(Extracted records)

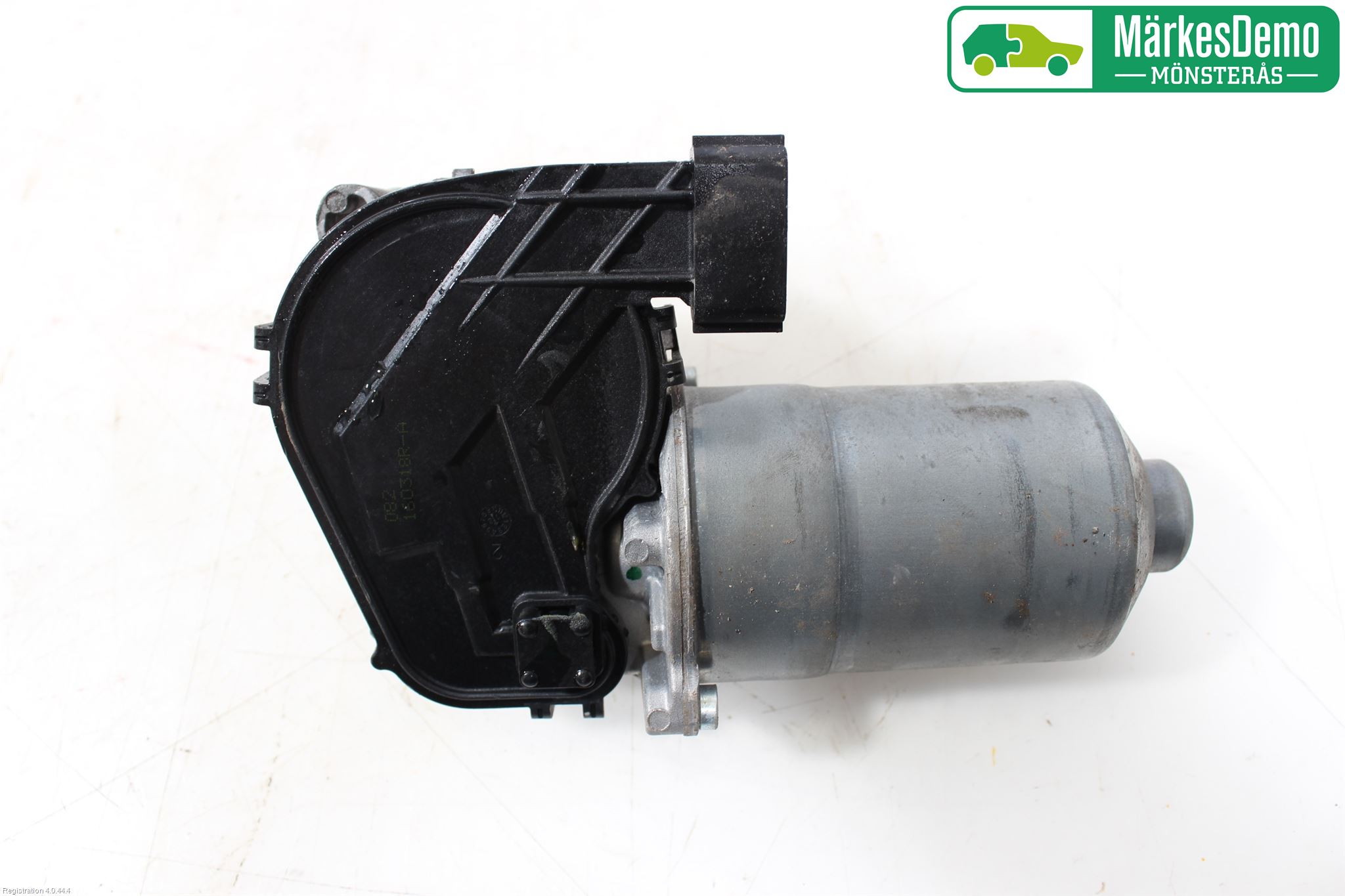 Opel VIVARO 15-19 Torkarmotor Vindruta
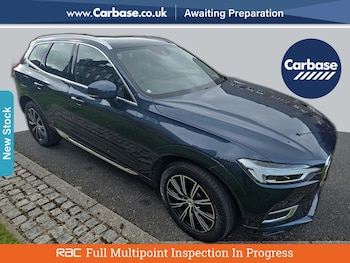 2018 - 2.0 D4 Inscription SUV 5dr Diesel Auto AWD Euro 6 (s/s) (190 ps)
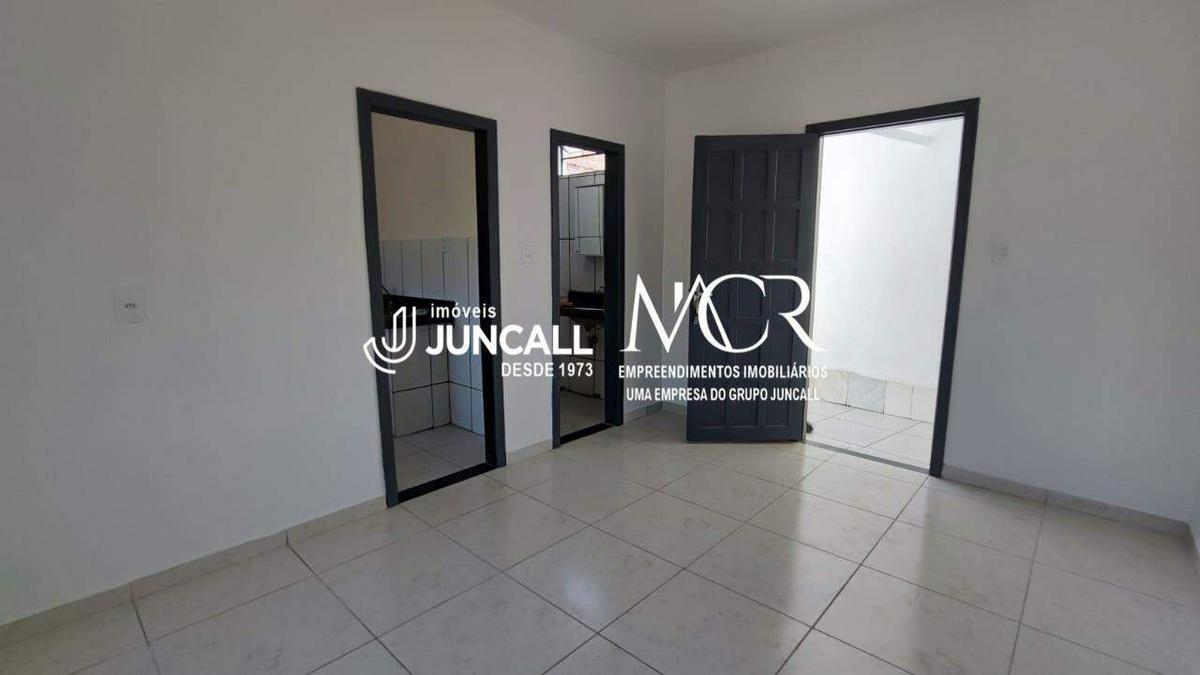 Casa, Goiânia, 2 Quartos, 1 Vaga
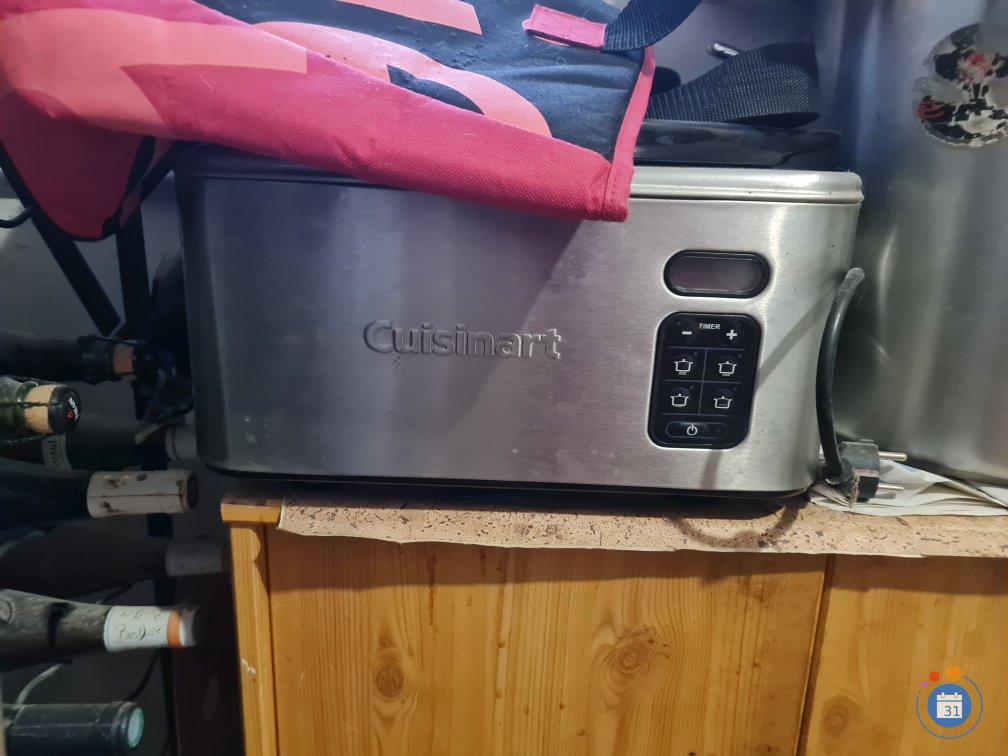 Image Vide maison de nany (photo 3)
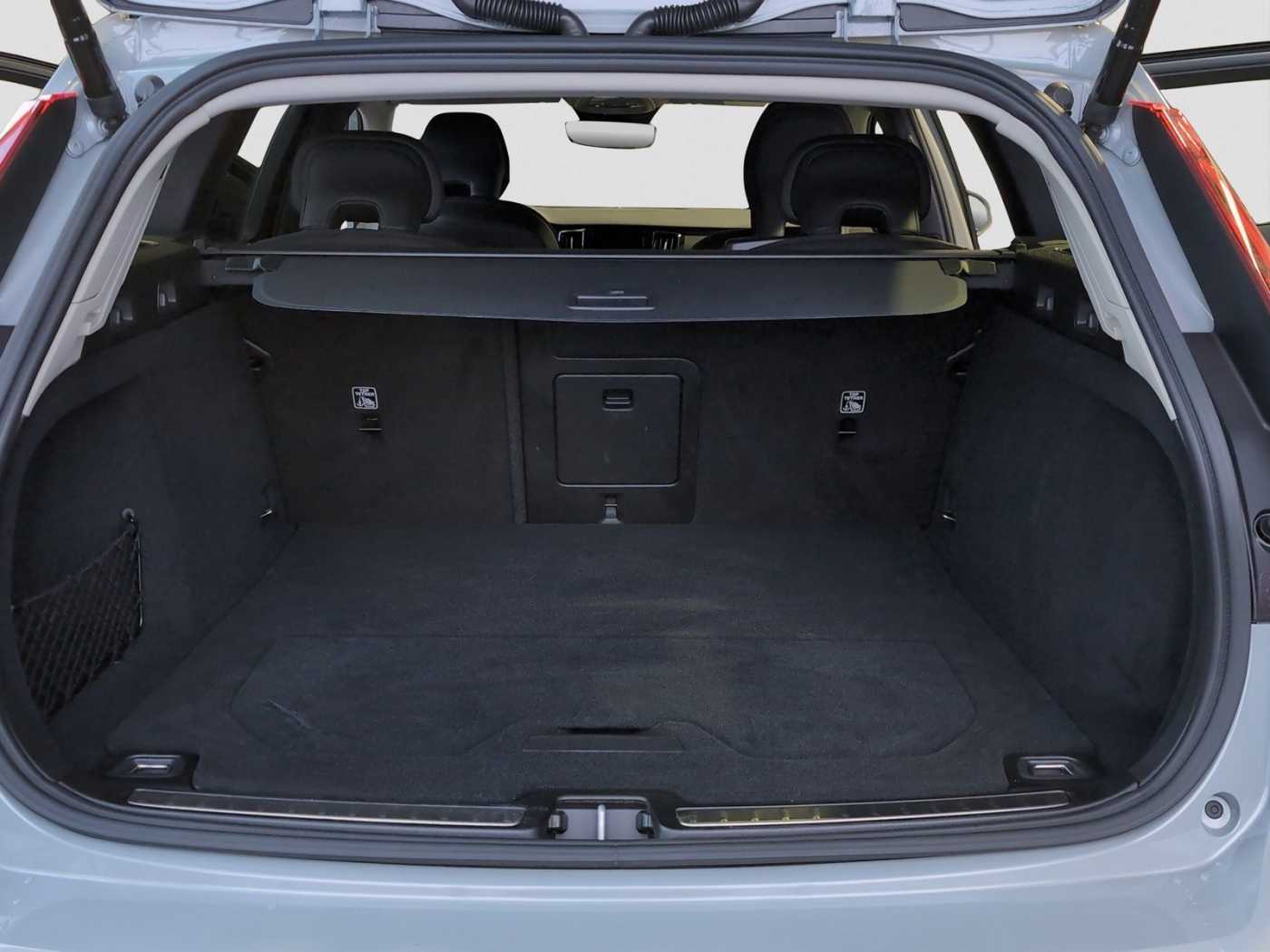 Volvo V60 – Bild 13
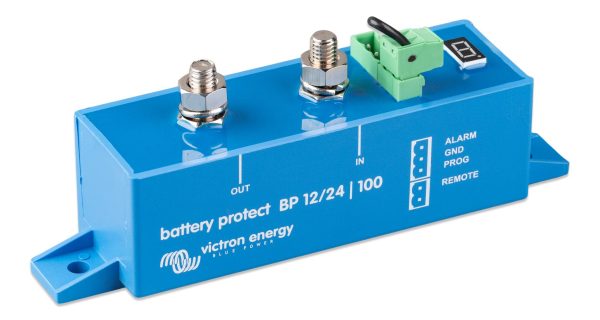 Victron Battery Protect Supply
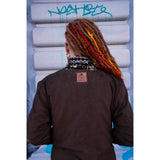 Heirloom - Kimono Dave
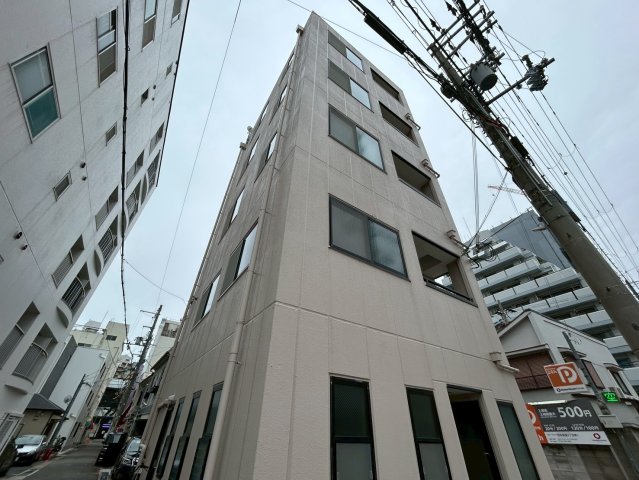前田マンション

(End Extracted records)

### Work to be completed
Return the whole listing word for word, minus its pictures.

### Result
 Opel VIVARO 15-19 Torkarmotor Vindruta
 2018 - 2.0 D4 Inscription SUV 5dr Diesel Auto AWD Euro 6 (s/s) (190 ps)
 Casa, Goiânia, 2 Quartos, 1 Vaga
 Image Vide maison de nany (photo 3)
 Volvo V60 – Bild 13
 Victron Battery Protect Supply
 Heirloom - Kimono Dave
前田マンション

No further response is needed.